Open Banking has been broken since day one and Facebook isn't helping.
Mark Dryden is business development director at 360Dotnet
Open Banking, the sleeping revolution that permissively opens up personal bank account data and allows organisations to extract that data, is rightly attracting a lot of attention in the mortgage sector.
An individual’s recent spending provides insights into both liability and affordability. Having the opportunity to extract this data from the source, with the individual’s consent, ensures the figures are trustworthy and valid at the very start of the advice process.
The potential Valhalla is that not only is the broker collecting this data at the outset, where any issues can be highlighted early, but in its electronic form it can automatically fill budget planners and pass this data onto lenders with a trust hash to confirm the original data has not been changed. Gone are the days of requesting bank statements or even having to print off and physically sign PDF copies to guarantee authenticity.
Now a client can access a broker’s secure portal and/or online client fact find then provide consent and a time frame for the data extract, all within minutes and with very limited keying of data. By inserting this rich data set into the advice process there’s opportunity for a slew of other services such as automated protection tools that calculates indicative quotes based upon spending habits or offering ancillary services like personal financial management tools.
Where things become unstuck is that it’s possible to mask less desirable spending away from an individual’s current account – spending that may impact an application or provide a conflicting perspective of an individual’s credit score.
Today, escrow services (PayPal) and digital wallets (Apple Pay, BitCoin) provide a convenient way to make payments for a wide variety of services and products that doesn’t state what the spending related to.
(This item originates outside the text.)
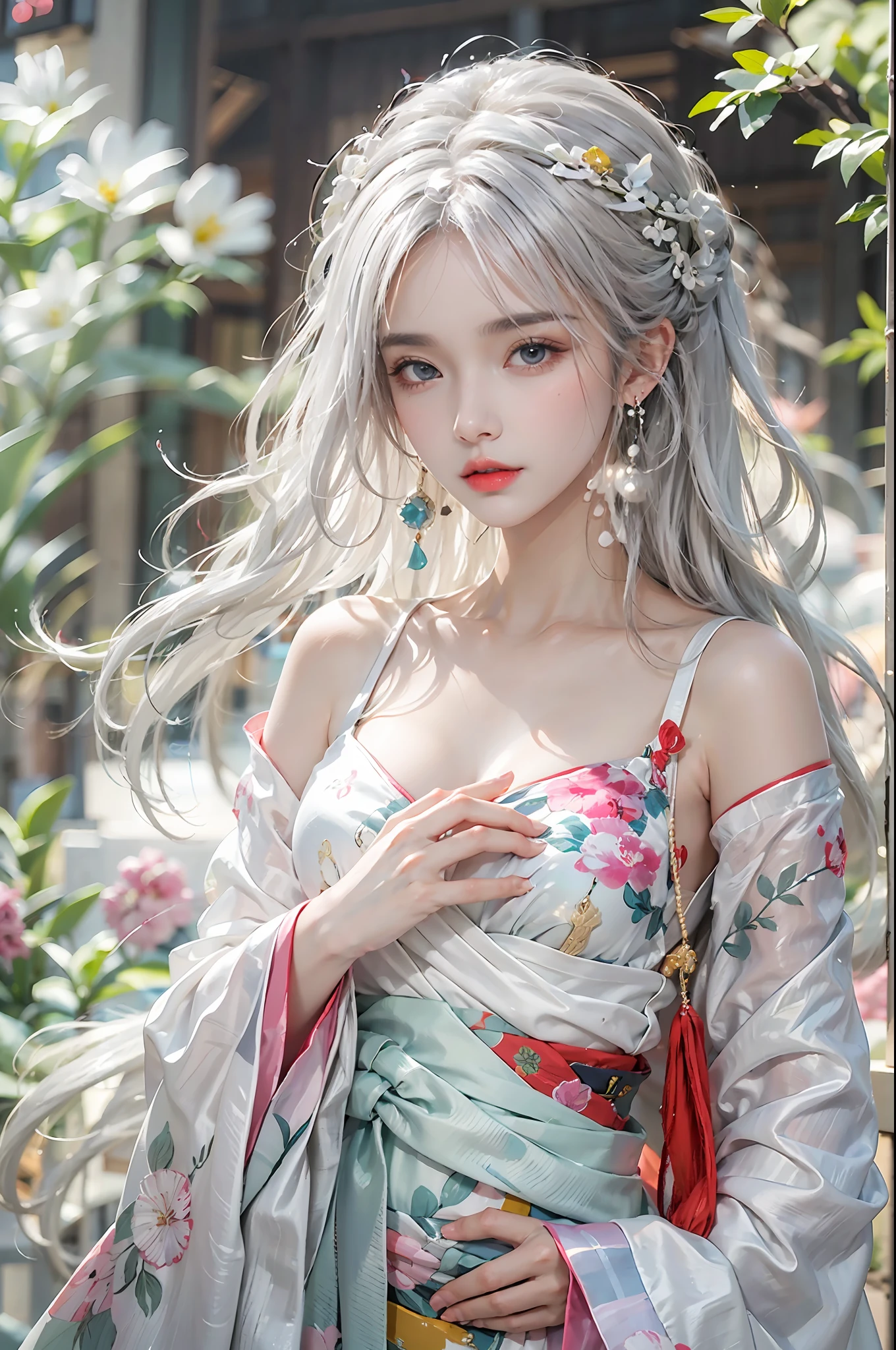 photorealistic, high resolution, colorful, color splash, splash, 1 girl, solo, hips up, beautiful eyes, white hair, medium breast, intricate brocade hanfu, gorgeous accessories, wearing pearl earrings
This isn’t a new phenomenon and for those of us with established “secret families” or other disagreeable spending habits, multiple current accounts and farcical antics will continue to be the norm.
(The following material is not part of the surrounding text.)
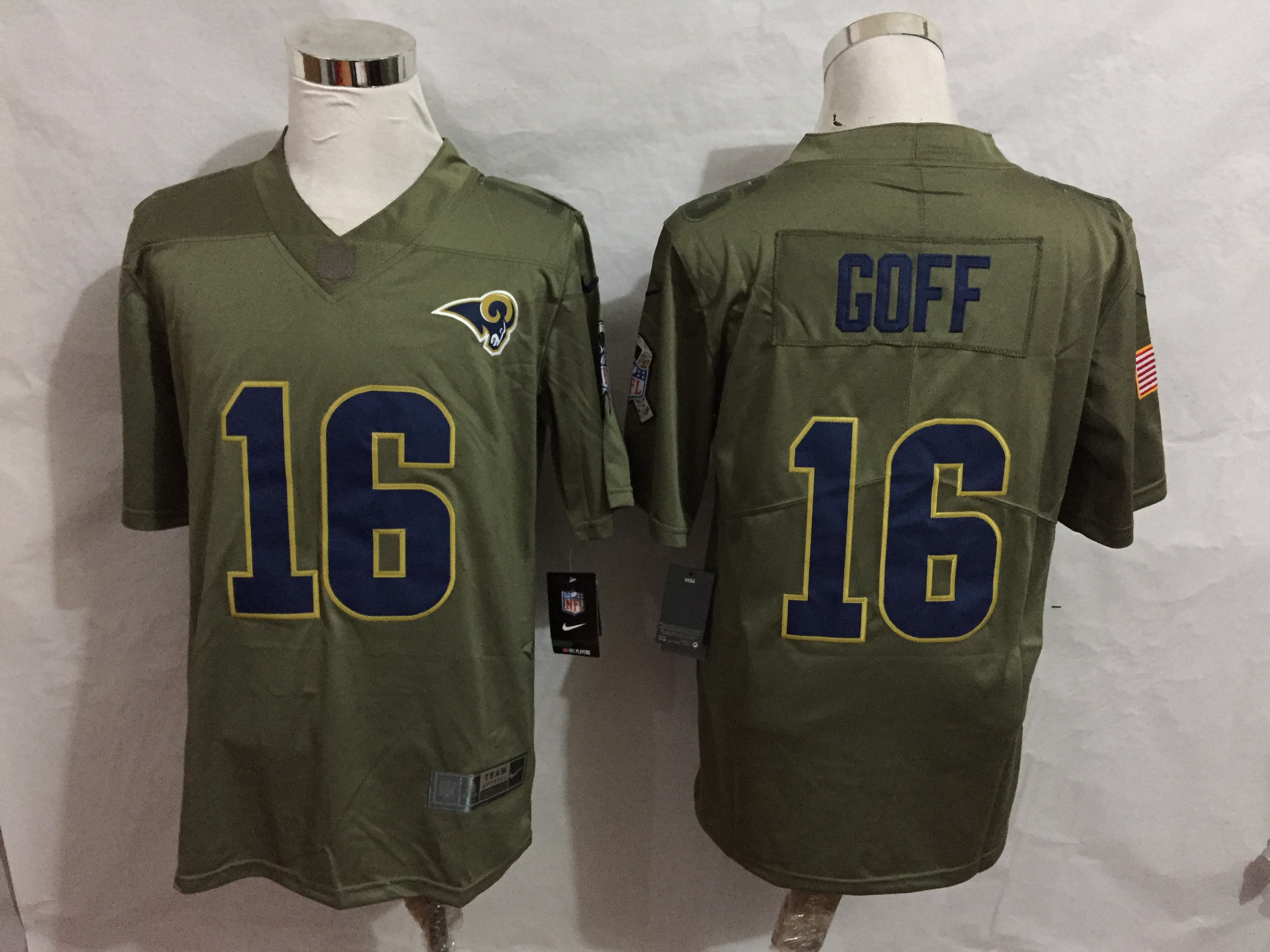 Nike Rams 16 Jared Goff Olive Salute To Service Limited Jersey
Where the effectiveness of Open Banking will be diminished is by a fundamental lack of trust to share bank account data with a third party where there’s macro trend of people fundamentally having no confidence in the processing our data in the first place – regardless of who it is shared with.
Current accounts are a necessary evil and as different industries look towards the advantages of Open Banking, would the likes of the recent Cambridge Analytica and Facebook scandal change individual behaviour to mask or obfuscate their spending to provide more favourable or beneficial outcomes when sharing their data.
People like their secrets, they treasure their individuality and they expect their data to be processed in a fair and straight manner; any deviation from this will change the perception of data sharing almost irreparably and the massive benefits downstream in the mortgage advice process for clients, brokers and lenders alike.